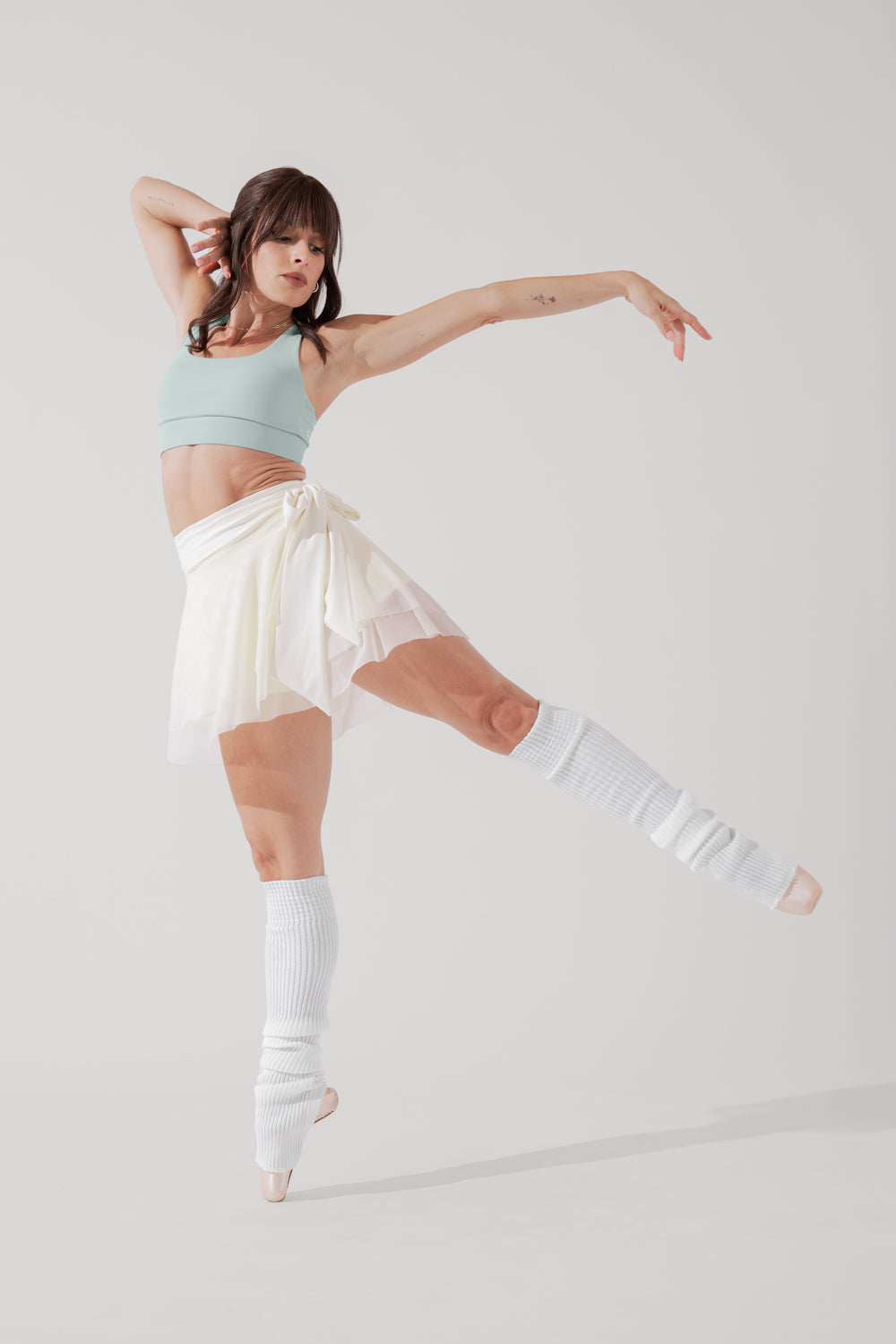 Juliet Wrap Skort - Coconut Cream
+++
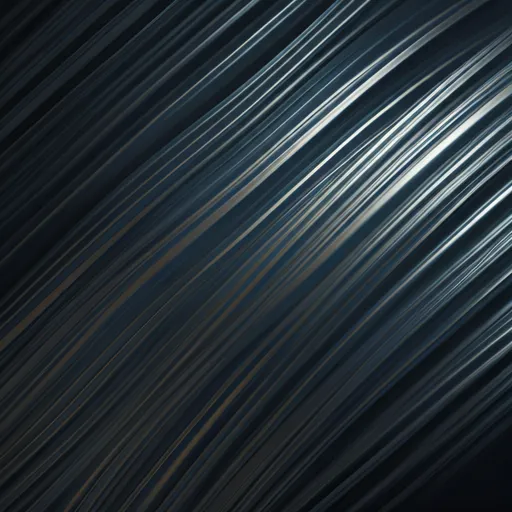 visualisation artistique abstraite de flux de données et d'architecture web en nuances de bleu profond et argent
+++
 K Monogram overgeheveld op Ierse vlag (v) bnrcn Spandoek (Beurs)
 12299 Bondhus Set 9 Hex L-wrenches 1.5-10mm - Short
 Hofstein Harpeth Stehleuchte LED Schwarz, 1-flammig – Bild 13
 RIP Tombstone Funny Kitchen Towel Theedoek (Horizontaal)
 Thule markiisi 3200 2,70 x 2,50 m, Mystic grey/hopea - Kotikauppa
+++
• What to do
Your answer should be the lines of the listing above between the line holding "Hofstein Harpeth Stehleuchte" and the line holding "Thule markiisi 3200", inclusive, restated word for word and alone.

• Reply
 Hofstein Harpeth Stehleuchte LED Schwarz, 1-flammig – Bild 13
 RIP Tombstone Funny Kitchen Towel Theedoek (Horizontaal)
 Thule markiisi 3200 2,70 x 2,50 m, Mystic grey/hopea - Kotikauppa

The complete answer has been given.